### Your task:
Repeat the listing verbatim. Drop any pictures.

### Data below:

# # # #

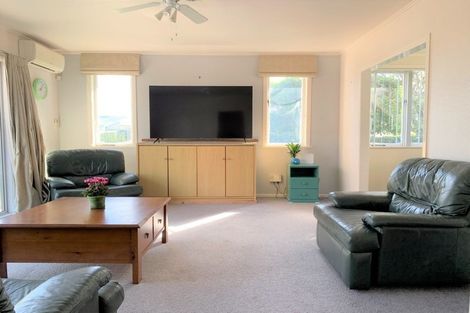Photo of property in 15 Pikitea Road, Mangere Bridge, Auckland, 2022
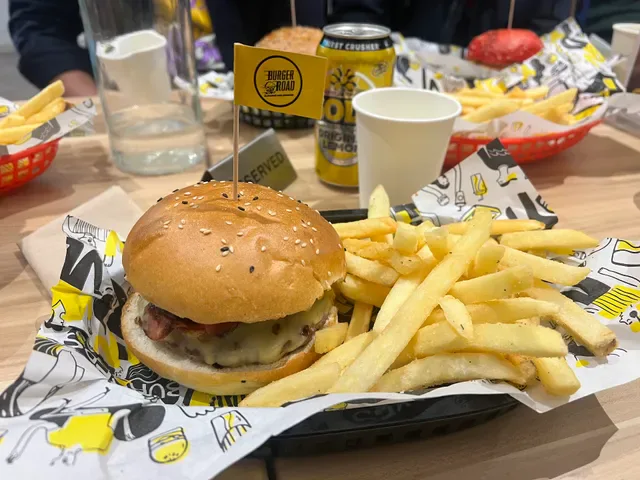 Burger Road - Hawthorn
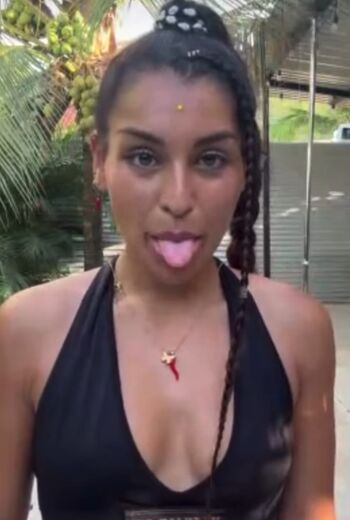 Full leaked Naela savidan private onlyfans photo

# # # #

### Output of the exercise:
Photo of property in 15 Pikitea Road, Mangere Bridge, Auckland, 2022
 Burger Road - Hawthorn
 Full leaked Naela savidan private onlyfans photo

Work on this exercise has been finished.